Categorize web and script files #121

Czatar · 2024-01-27T23:24:22Z

Summary

Categorize web files and scripts for later analysis. Related to issue #75.

If merged this pull request will

Proposed changes

Added branches to magic bytes that cover python, bash, html, css, and js. The bash and html branches use magic bytes in case of a missing file type extension.

…ional first line

for more information, see https://pre-commit.ci

Czatar · 2024-01-27T23:30:45Z

Wondering if:

File type extension should be made into its own function or if it's fine to have it where it is
There are any file types to include or exclude for this PR

surfactant/filetypeid/id_magic.py

nightlark · 2024-01-29T20:17:50Z

* File type extension should be made into its own function or if it's fine to have it where it is

I was thinking it could be made into its own function, since it isn't really a check based on magic bytes. Using the #! line is also maybe more of a heuristic than magic bytes?

for more information, see https://pre-commit.ci

surfactant/filetypeid/id_extension.py

nightlark · 2024-02-06T19:30:54Z

Something I wanted to make a note on regarding the regex checks -- I came across a few #! lines in a stackoverflow post:

#!/usr/bin/env bash
#!/bin/bash
#!/bin/sh
#!/bin/sh -

In particular, the last one stands out where the end of the line is passing a - as an argument to sh. I think in theory the shebang line could have any set of arguments passed to the given command, so to recognize some corner cases it might be necessary to split the line similar to how the OS would to identify the command to run (+ a special case for using the first argument if env is the command).

This sounds like a lot of work though for an uncommon case, so I'm leaning towards adding that as a GitHub issue for the backlog.

surfactant/filetypeid/id_extension.py

Czatar · 2024-02-08T03:37:54Z

The issue with having arguments in the shebang line is tricky. From what I know:

It's possible for the path to the binary to have spaces, so we can't just split by spaces
It's possible for the arguments to have paths, so just splitting it by slashes also won't help

My next thought would be to check for single/double quotes or backslashes that include the space in the path. Windows doesn't acknowledge shebang lines, so maybe backslash checking won't be a huge issue. For the GitHub issue, Is there anything else that would complicate this?

nightlark

Forgot to make these comments visible.

nightlark · 2024-02-10T00:15:08Z

surfactant/filetypeid/id_extension.py

+            suffix = pathlib.Path(filepath).suffix.lower()
+            head = f.read(256)
+            if suffix in _filetype_extensions:
+                return _filetype_extensions[suffix]


I'm thinking that instead of mixing the suffix and #! checks, let's move the suffix related parts of this to after the try/except block (and remove the return None that's right above the except line.
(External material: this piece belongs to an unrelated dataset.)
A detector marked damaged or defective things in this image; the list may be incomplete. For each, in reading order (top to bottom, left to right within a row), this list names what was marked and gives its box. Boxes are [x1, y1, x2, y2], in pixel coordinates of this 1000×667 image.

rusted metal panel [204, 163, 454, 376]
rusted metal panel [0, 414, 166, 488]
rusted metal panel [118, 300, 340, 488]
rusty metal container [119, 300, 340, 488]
This will also give priority to whatever the #! line says, which should be more reliable than the file suffix, which could "lie" a bit more easily.

nightlark · 2024-02-10T00:18:26Z

surfactant/filetypeid/id_extension.py

+                head = head[: head.index(b"\n")].decode("utf-8")
+                for interpreter, filetype in _interpreters.items():
+                    if interpreter in head:
+                        return filetype


I think this section should also be wrapped in a try/except block to catch any UnicodeDecodeError that could get thrown, and log a warning with some details on what happened. (Or add a 2nd except block after the existing one -- that then falls through to the file suffix check).
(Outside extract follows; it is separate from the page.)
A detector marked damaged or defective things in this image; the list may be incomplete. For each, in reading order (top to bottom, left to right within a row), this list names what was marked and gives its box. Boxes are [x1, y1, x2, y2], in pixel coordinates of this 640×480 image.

surfactant/filetypeid/id_extension.py

…g checking

for more information, see https://pre-commit.ci

…L/Surfactant into script-file-extension-identification

nightlark · 2024-02-20T04:13:41Z

surfactant/filetypeid/id_extension.py

+                end_line = head.index(b"\n")
+                head = head[:end_line]
+                for interpreter, filetype in _interpreters.items():
+                    if re.search(interpreter, head):


Any idea how the performance is for re.search vs just using the in keyword?

Okay, so I put together some quick scripts to test with time python3 <script>. I got around 2.3s using re.search, and 1.2s using in.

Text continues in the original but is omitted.